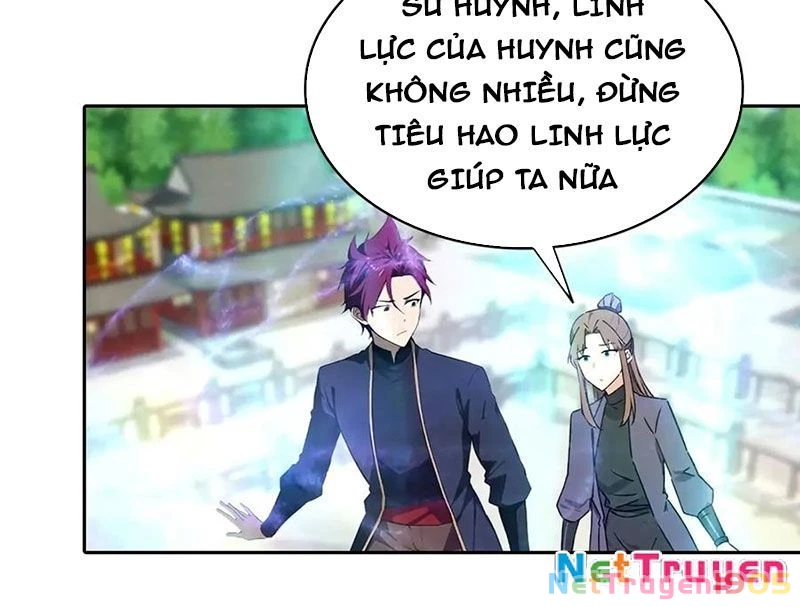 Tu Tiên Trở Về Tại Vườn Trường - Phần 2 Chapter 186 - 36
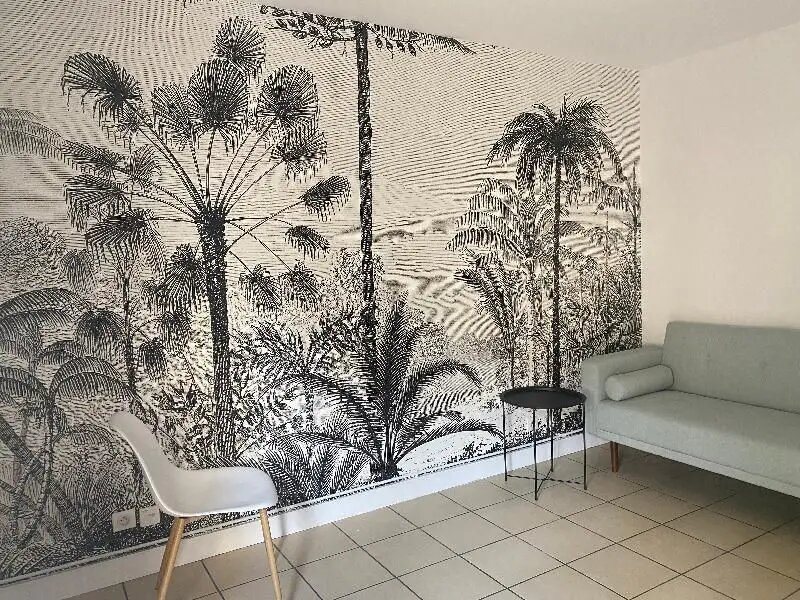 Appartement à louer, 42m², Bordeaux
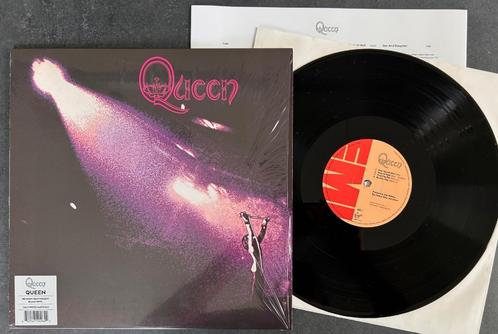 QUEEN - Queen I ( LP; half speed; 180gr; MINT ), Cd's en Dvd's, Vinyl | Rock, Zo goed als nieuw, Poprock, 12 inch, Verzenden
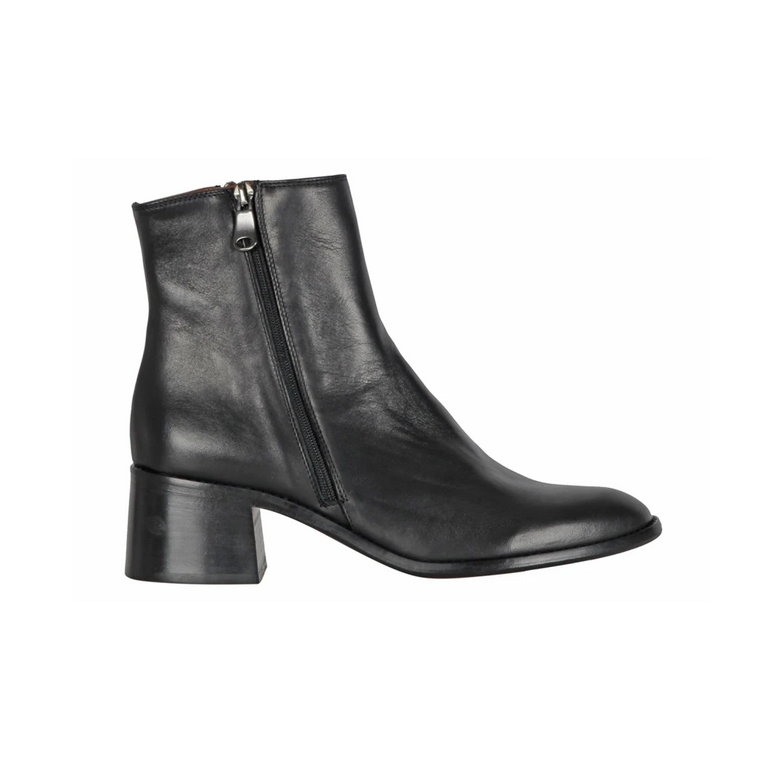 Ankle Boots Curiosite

------------------------------------------------------------

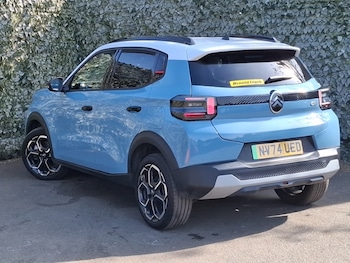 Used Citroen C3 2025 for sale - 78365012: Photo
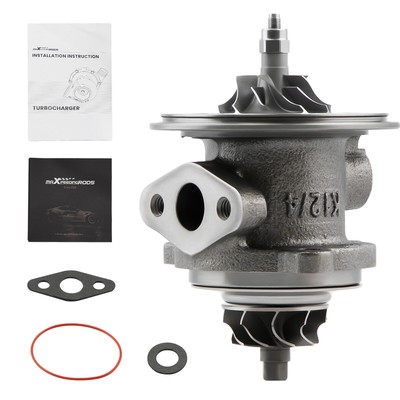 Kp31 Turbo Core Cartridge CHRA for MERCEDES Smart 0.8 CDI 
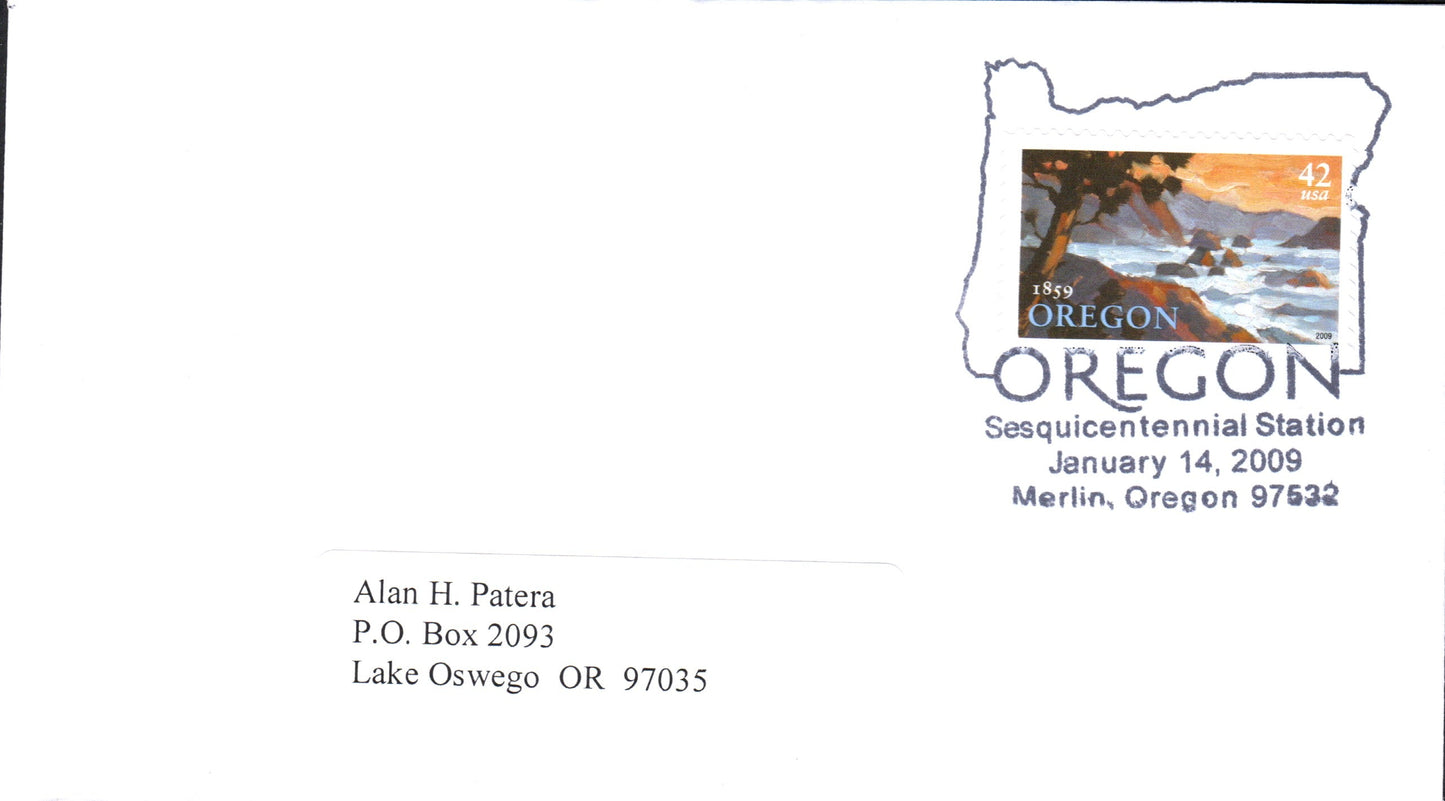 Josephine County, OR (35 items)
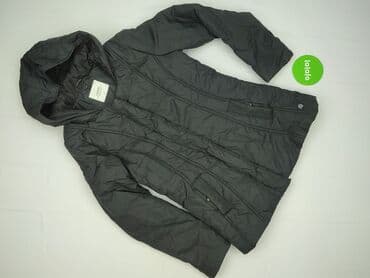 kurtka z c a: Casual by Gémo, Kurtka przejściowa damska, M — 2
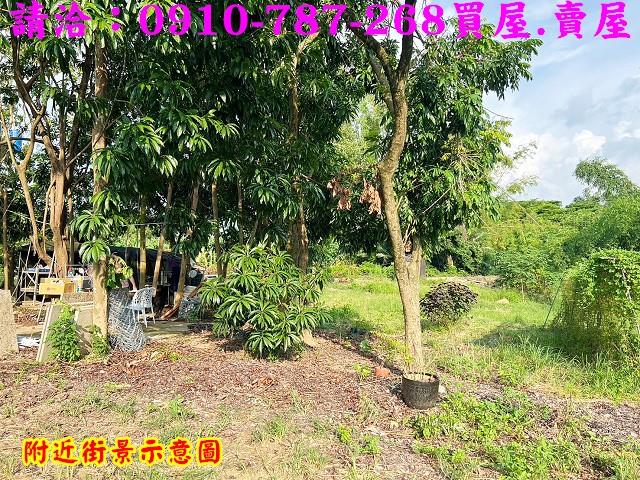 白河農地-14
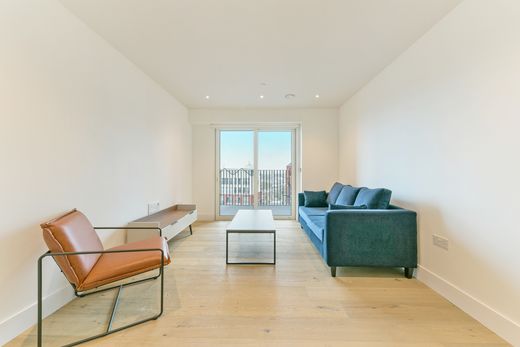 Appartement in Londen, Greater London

------------------------------------------------------------

Give back exactly the lines above from the one with "Appartement à louer, 42m², Bordeaux" through the one with "Ankle Boots Curiosite", both included. Pictures don't belong in the copy.

__Worked solution__
 Appartement à louer, 42m², Bordeaux
 QUEEN - Queen I ( LP; half speed; 180gr; MINT ), Cd's en Dvd's, Vinyl | Rock, Zo goed als nieuw, Poprock, 12 inch, Verzenden
 Ankle Boots Curiosite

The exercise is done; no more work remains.